Brian Tolle worked with the influential Public Art Fund in New York City for two years and is known for his Irish Hunger Memorial in New York's Battery Park City. Tolle has had many solo and group shows across the country as well as in Europe. Quintessentially American, Tolle draws upon influences such as New England's Colonial period and the causes of mass European immigration to the United States, utilizing materials and techniques distinctly modern to celebrate bygone eras in danger of becoming culturally extinct.
The carefully crafted juxtaposition of eras has become a calling card of Tolle's, as evidenced by his Battery Park installation, memorializing with painstaking detail a quarter acre of genuine Irish countryside as a tribute to the losses incurred during the Irish Potato Famine.
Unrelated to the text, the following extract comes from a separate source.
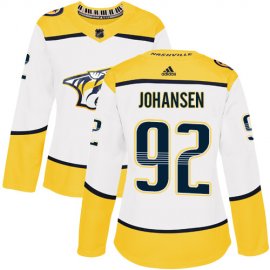 Adidas Nashville Predators #92 Ryan Johansen White Road Authentic Womens Stitched NHL Jersey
Works such as his Cleveland installation and the one in New York, which a leading art website referred to as "a combination of postmodern monument and landscape", underscore Tolle's commitment to history and the detailed research required to create and design pieces with such accurate touches of antiquity.
CM's Fine Arts Division, while in its relative infancy as an operation, handled and treated the work with reverence and respect traditionally reserved for pieces of great age and fragility. Due to the care provided by the CM art team, the Urns work was safely relocated to the artist's studio in Fleischmanns, New York, itself now a small slice of history.